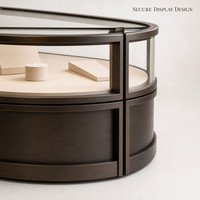 Vitrine de Luxe Personnalisée GZowin pour Bijouterie – Ensemble Complet en Bois de Noyer Premium et Verre Marbré avec Éclairage LED – Durable et Facile à Nettoyer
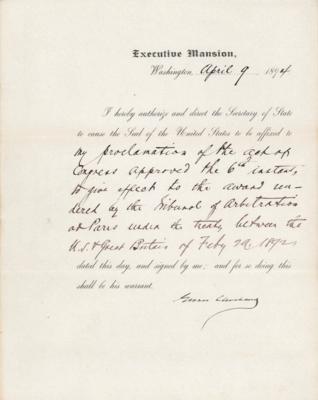 Lot #21 Grover Cleveland Document Signed as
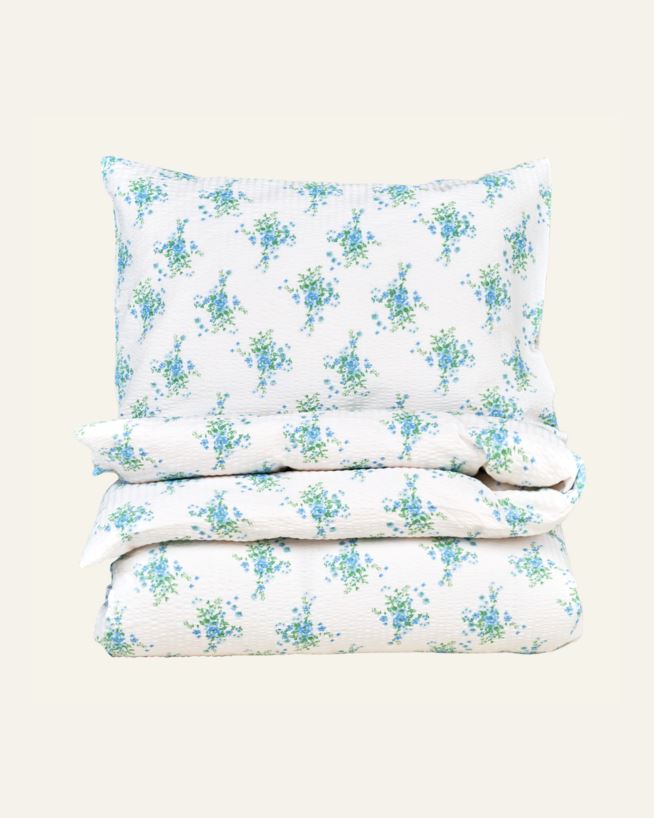 Pussilakanasetti kreppipuuvillaa moniväri/sininen - 150x210+50x60 cm moniväri/sininen - 1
^^^^^^^^^^^^^^^^
Work required: Give back exactly the lines from the line with "Lot #21 Grover Cleveland Document Signed as" through the end of the material above, inclusive, with no pictures.

Expected answer:
 Lot #21 Grover Cleveland Document Signed as
 Pussilakanasetti kreppipuuvillaa moniväri/sininen - 150x210+50x60 cm moniväri/sininen - 1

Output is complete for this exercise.